The PPI for final demand of goods declined 0.1% in September after having been unchanged in August. These prices have now risen 3.1% in the past year (left scale).  Excluding the volatile food and energy categories the PPI for goods rose 0.2% in September after having been unchanged in August.  During the past year the core PPI for goods (the light green line) has risen 2.6% (right scale).

Food prices fell 0.6% in both August and September.  Food prices are always volatile.  They can fall sharply for a few months, but then reverse direction quickly.  Over the past year food prices have declined 1.5%.

Energy prices declined 0.8% in September after having risen 0.4% in August.  Energy prices have risen 9.5% in the past year.  These prices are also very volatile but the recent upswing seems to reflect a pickup in GDP growth around the globe, the cutback in global supply by OPEC, and a state of complete chaos for oil production in Venezuela.  However, U.S. oil output is now surging and OPEC has increased its crude oil output.  The Department of Energy believes that the recent surge in energy prices will be at least be partially reversed between now and yearend.
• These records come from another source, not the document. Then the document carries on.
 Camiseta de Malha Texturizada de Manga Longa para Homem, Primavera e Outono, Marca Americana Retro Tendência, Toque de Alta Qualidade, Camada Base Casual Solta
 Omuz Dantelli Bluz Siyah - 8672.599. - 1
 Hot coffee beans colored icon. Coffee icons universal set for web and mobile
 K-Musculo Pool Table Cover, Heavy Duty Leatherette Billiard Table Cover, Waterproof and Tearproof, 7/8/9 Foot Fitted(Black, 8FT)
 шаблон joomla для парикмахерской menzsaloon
The PPI for final demand of services rose 0.3% in September after having declined 0.1% in both July and August.  This series has risen 2.4% over the course of the past year (left scale).   Both the September jump in service goods prices and the August drop were partly caused by a 0.6% decline in the trade services category in August followed by a rebound of 1.8% in such prices in September.  These swings largely reflect the change in margins received by wholesalers and retailers (apparel, jewelry, and footwear in particular). .  The PPI for final demand of services excluding trade and transportation (the light blue line) increased 0.3% in June, July and August, and September.  It has climbed 2.8% during the past year.  This series, like the overall index, has been gradually accelerating for some time.
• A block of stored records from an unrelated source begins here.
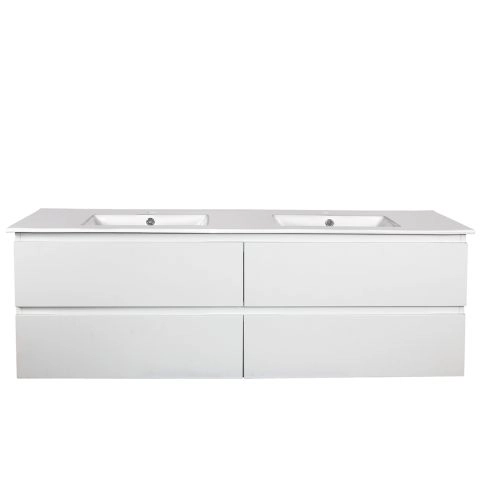 1500mm Wall Hung Bathroom Vanity Matte White Finish PVC Vacuum Filmed Cabinet Only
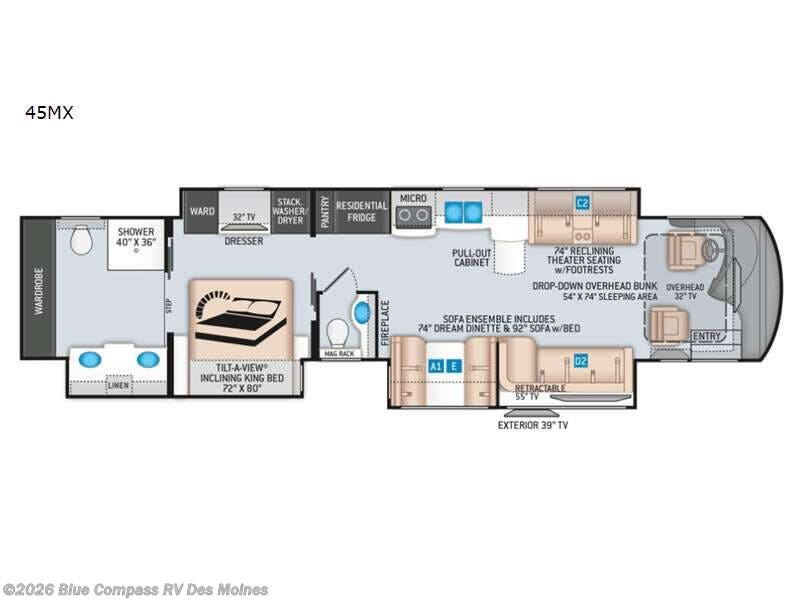 2022 Thor Motor Coach Tuscany 45MX - Used Class A For Sale by Blue Compass RV Des Moines in Altoona, Iowa features Slideout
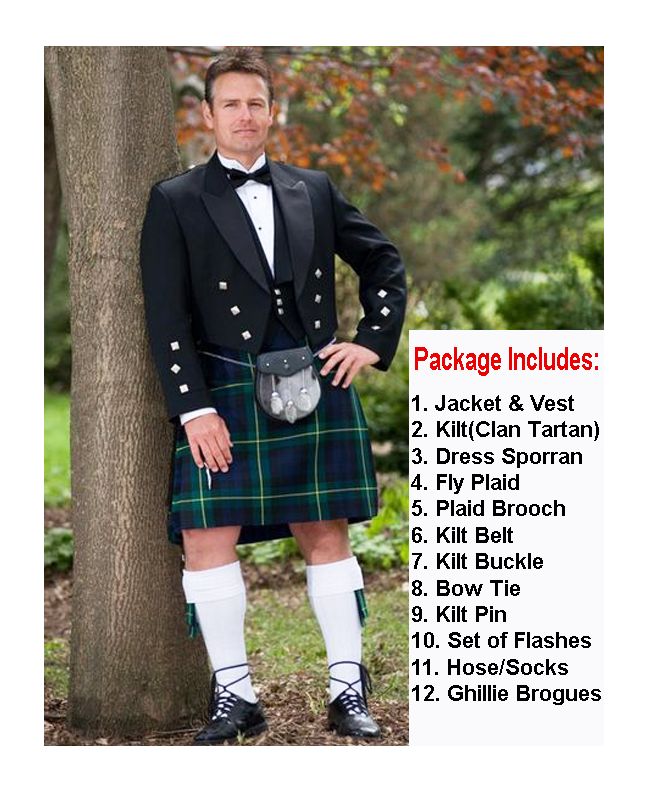 Exclusive Prince Charlie Full Kilt Outfit for Wedding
The recent increases in producer prices were foreshadowed by the results of the Institute for Supply Management’s series on prices paid by manufacturing firms.  In the case of manufacturing firms the chart looks like the one below.  Price pressure were steadily building for six consecutive months.  Specifically, the price component rose steadily from 64.8 in November of last year to 79.5 in May.  The fact that every month was above 50.0 meant that prices producers were paying increased every single month.  Given that the level of the index steadily rose during that period of time indicates that price pressures were intensifying every single month.  However, from June through September this series actually declined to 66.9  This means that prices continued to climb in those four months, but the rate of increase was less than in other recent months.  Hopefully, this means that the steady upward pressure on the PPI is beginning to abate.

We believe this escalation in the prices that producers are having to pay reflects stronger GDP growth around the globe.

Because the PPI measures the cost of materials for manufacturers, it is frequently believed to be a leading indicator of what might happen to consumer prices at a somewhat later date.   However, that connection is very loose.

It is important to remember that labor costs represent about two-thirds of the price of a product while materials account for the remaining one-third.  So, a far more important variable in determining what happens to the CPI is labor costs.  With the unemployment rate currently at 3.7% the labor market is beyond full employment.  As a result, wages pressures have begun to climb, but much of the upward pressure on inflation should be countered by an increase in productivity.  Nevertheless, the tighter labor market should exert at least moderate upward pressure on the inflation rate.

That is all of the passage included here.